Het is niet altijd een keuze, ziek worden kan iedereen gebeuren. Werkloos raken is echt niet altijd de schuld van incompetentie. Als je de pech hebt geboren te worden met een kneuzerig lijf worden je veel keuzes ontnomen. Daarnaast vind ik dat iedereen (nou ok, bijna iedereen) op zijn manier een belangrijke toevoeging is in deze maatschappij. Een maatschappij die steeds meer lijkt te moeten draaien om de ‘succesvolle’ mens. Succesvol dan in de betekenis van geld, want je telt pas echt mee als je pegels hebt. Ik begrijp dat echt niet, in mijn ogen ben je vele malen succesvoller als je iets goeds doet voor je medemens.
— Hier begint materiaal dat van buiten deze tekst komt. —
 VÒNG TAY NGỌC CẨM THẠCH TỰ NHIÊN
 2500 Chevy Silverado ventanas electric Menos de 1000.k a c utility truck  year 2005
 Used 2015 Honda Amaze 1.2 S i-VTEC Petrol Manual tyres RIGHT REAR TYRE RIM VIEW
Dat brengt mij op de gekte in dit soms rare land. Een ziekenhuis dat failliet gaat, ik vind dat raar. Iedereen heeft recht op goede zorg, goede zorg die geboden kan worden op een plaats in de buurt, waarvoor je geen uur hoeft te rijden. Vroeger hadden we daar streekziekenhuizen voor, daar kon je terecht voor de basis. En toen kwam daar een briljant idee, laten we de ziekenhuizen privatiseren, dan besparen we kosten, wordt de zorg betaalbaar. Tja, de kosten rijzen de pan uit, zijn de patiënten nu echt zoveel duurder? Artsen zijn niet langer voor een vast loon in dienst, marktwerking. Er is geen overschot, niet iedereen kan arts worden, de opleidingen hanteren een lotingssysteem, een stop, stel je voor dat we teveel artsen in de markt hebben (was dat niet het idee achter marktwerking?).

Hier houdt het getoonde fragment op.